A ansiedade de desempenho é um produto dessa exigência exagerada?
Sim. Você tem que aprender a não ser tão exigente consigo mesmo. Eu, por exemplo, não pretendo ser nada nem ninguém. Apenas um homem que ama e não agride o meio ambiente. Não preciso ser psicólogo, perfeito ou algo assim. A chave é a simplicidade e a humildade radical. Essa ideia me salvou da ansiedade.
Quais exercícios podemos fazer para eliminar a ansiedade de desempenho?
Proponho, por exemplo, “a visualização do indigente”. Ou seja, imaginar-se um indigente, vivendo em um abrigo público.

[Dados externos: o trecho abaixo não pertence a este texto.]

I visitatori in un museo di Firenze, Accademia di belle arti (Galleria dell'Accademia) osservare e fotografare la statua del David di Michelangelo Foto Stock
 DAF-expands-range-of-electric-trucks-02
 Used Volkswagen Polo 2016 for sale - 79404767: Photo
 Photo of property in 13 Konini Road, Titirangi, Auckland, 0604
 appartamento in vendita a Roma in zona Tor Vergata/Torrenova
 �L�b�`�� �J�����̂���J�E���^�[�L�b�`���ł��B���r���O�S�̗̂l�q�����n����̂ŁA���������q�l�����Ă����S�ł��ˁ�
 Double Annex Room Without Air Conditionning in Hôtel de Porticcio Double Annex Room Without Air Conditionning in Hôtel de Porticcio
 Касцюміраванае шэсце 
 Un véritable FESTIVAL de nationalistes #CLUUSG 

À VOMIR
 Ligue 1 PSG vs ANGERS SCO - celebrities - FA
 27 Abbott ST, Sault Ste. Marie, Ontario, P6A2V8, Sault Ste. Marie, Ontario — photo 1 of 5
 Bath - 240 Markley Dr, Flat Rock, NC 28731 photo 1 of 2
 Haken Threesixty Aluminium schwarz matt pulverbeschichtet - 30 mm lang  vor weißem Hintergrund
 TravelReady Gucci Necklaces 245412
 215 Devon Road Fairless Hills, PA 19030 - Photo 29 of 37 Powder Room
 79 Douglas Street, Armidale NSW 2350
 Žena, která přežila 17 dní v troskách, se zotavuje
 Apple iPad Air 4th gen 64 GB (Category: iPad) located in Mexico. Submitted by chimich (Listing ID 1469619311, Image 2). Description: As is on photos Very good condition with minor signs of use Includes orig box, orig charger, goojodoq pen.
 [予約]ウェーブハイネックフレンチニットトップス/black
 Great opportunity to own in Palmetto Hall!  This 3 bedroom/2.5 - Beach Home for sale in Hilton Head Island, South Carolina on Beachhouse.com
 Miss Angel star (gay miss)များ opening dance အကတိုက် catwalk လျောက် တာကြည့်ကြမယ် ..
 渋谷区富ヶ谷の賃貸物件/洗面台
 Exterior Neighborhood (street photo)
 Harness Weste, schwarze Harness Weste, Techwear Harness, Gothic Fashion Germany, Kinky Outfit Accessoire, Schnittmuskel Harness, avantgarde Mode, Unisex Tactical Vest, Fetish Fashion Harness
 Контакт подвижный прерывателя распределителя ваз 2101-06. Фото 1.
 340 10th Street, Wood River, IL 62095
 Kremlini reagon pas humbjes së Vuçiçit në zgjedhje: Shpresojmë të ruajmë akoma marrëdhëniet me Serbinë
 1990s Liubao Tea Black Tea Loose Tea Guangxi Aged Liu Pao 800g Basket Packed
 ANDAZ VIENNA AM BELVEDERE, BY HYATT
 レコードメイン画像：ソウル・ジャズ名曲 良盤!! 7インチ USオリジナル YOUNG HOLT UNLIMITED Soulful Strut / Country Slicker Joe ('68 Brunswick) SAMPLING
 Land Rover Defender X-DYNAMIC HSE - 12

Imagine que, por algum motivo, você não pode trabalhar ou ter dinheiro. A pergunta é: “Você poderia ser feliz?” A resposta obrigatória é “sim”. Em seguida, pergunte-se: “O que eu poderia fazer para ser muito feliz?” Por exemplo, estudar, ajudar outras pessoas, fazer grandes amigos, etc.
É preciso visualizar em detalhes?
Sim. E você tem que curtir enquanto imagina! Assim, você entenderá que pode fazer grandes coisas e aproveitar a vida maravilhosamente. Portanto, você não precisa ter tantas coisas quanto imaginou, nem precisa ser tão eficiente.
“Podemos nos orgulhar de cometer erros”.
Temos que desistir de ter empregos e projetos?
Não. Continuamos trabalhando e estudando, mas agora não temos mais aquela pressão maluca. Por exemplo, posso ser psicólogo e tentar me sair muito bem. Se isso não acontecer, posso fazer 10.000 outras coisas. Ou inclusive nenhuma. Mas, de qualquer forma, eu escolho tentar ser um grande psicólogo. Observe que, dessa forma, tenho pressão “zero”.
Você explica em seus livros que foi assim que se livrou do medo de falar em público, é verdade?
É verdade. Eu pensei várias vezes: “Eu preciso dar palestras?” Percebi que “não”, e se eu fizesse isso muito mal, nada iria acontecer: minha vida continuaria sendo ótima. Quando você tira a pressão em um nível profundo, você não tem mais medo, já não há estresse. Mas você tem que acreditar em um nível radical.
Em seu último livro “Nada é tão terrível”, você fala sobre nos dar medalhas quando falhamos. Temos que ir a esse extremo?
Sim, porque temos que ser radicais para obter todos os benefícios mentais. Agora, quando eu falho em alguma coisa, faço um esforço para não me importar. Dessa forma, reforço o meu sistema de valores.
Trata-se de dizer a si mesmo: “Eu simplesmente falhei e perdi isso ou aquilo, mas não me importo, sou feliz da mesma forma”. Dar-se uma medalha em caso de falha significa que você pode falhar e ser feliz de qualquer maneira; significa que você tem um ótimo sistema de valores, pode exibir as suas falhas e ter orgulho delas e, ainda assim, ser muito feliz.